# Terratec Phase 24 Problem



## banga (15. April 2005)

hallo zusammen!

wir haben uns die externe terratec phase24 firewire audiokarte zugelegt und besitzen eine macintosh g4 (dunkelgrau) mit mac os x 10.3.7, sauber installiert, ca. 500mb ram, praktisch keine zusätzliche software installiert (reason, peak). nun funktioniert diese karte leider überhaupt nicht! das heisst sie tönt völlig falsch und kaputt, unter reason lässt sich die karte nicht auswählen (der name erscheint zwar, aber danach auch ein rotes X), itunes spielt manchmal die mp3s nicht mehr ab , das heisst für mich das die karte die gesamte audioarchitektur meines mac durcheinander bringt, sprich: die treiber funktionieren nicht mit mac os x? kennt das jemand oder weiss jemand was wir machen können? vielen dank...
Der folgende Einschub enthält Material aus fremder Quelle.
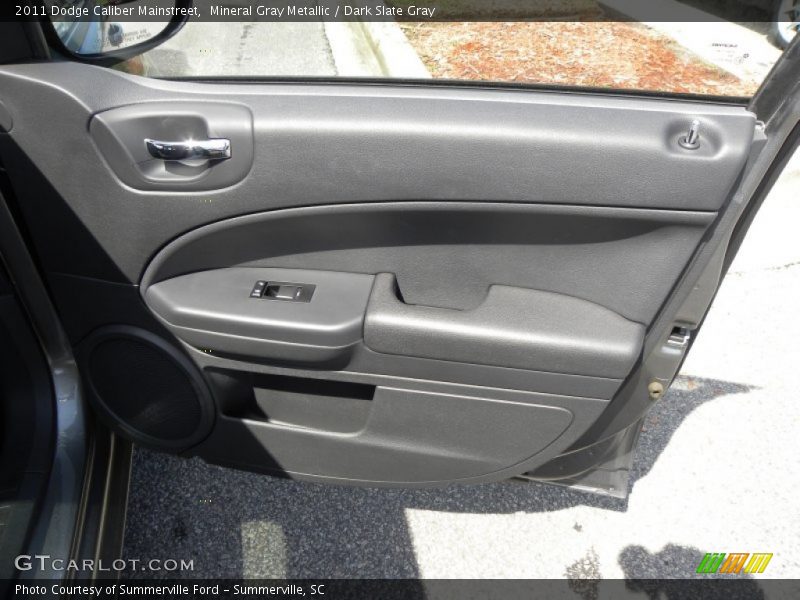 Mineral Gray Metallic / Dark Slate Gray 2011 Dodge Caliber Mainstreet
p.s. bringt vielleicht das firmware update für mac etwas? sollt doch eigentlich auch ohne perfekt funktionieren, auf der verpackung steht mac os x


----------



## chmee (15. April 2005)

?

Vielleicht hilft das weiter :

http://www.macuser.de/testbericht/showproduct.php?product=139&sort=7&cat=2&page=4

http://supportde.terratec.net/modul...ownloads&file=index&req=viewsdownload&sid=329

mfg chmee


----------



## banga (19. April 2005)

Hm, danke schön. Vielleicht muss ich wirklich diese Firmware Update installieren, kann einfach nicht glauben das die Karte ohne ein Hardware update nicht läuft!? Ist ja vom Mac-Magazin "Mac Up" getestet worden Kann das sein das "nur" ein Problem mit unserem Mac besteht?


----------